• [EXERCISE INPUTS]:
........

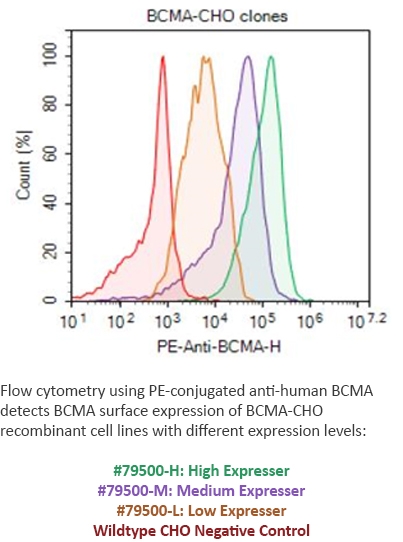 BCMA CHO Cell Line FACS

........

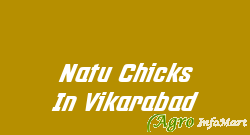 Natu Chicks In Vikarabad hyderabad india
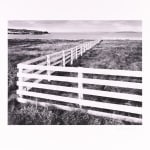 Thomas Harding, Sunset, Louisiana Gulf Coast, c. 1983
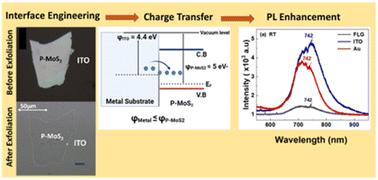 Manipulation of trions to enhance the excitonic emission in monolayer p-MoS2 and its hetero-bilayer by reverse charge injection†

........

• [ASSIGNED TASK]: Your answer must be everything above from the line with "Thomas Harding, Sunset, Louisiana" down to the line with "Manipulation of trions", word for word, and no pictures.

• [ANSWER TO THIS PROBLEM]:
 Thomas Harding, Sunset, Louisiana Gulf Coast, c. 1983
 Manipulation of trions to enhance the excitonic emission in monolayer p-MoS2 and its hetero-bilayer by reverse charge injection†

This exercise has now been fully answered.